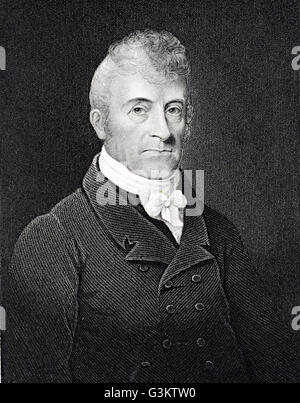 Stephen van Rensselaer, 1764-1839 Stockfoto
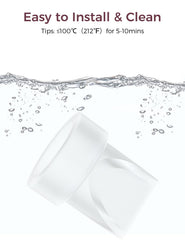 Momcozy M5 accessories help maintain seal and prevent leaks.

--

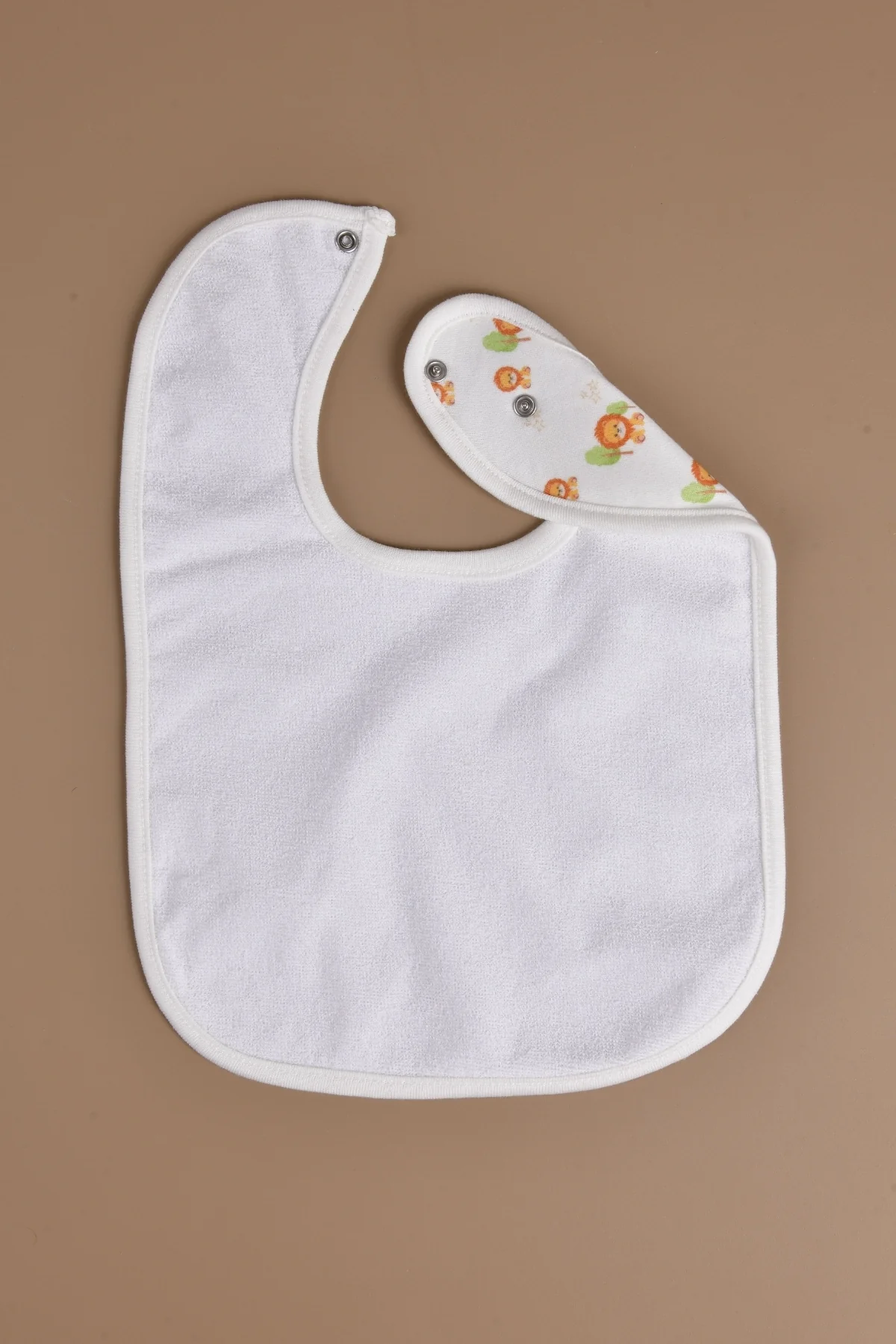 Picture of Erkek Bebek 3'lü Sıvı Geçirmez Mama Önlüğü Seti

◆ REQUIREMENT
Would you print exactly the lines in the listing above, from the line bearing "Stephen van Rensselaer, 1764-1839 Stockfoto" through the line bearing "Momcozy M5 accessories", leaving out all pictures?

◆ REPLY
 Stephen van Rensselaer, 1764-1839 Stockfoto
 Momcozy M5 accessories help maintain seal and prevent leaks.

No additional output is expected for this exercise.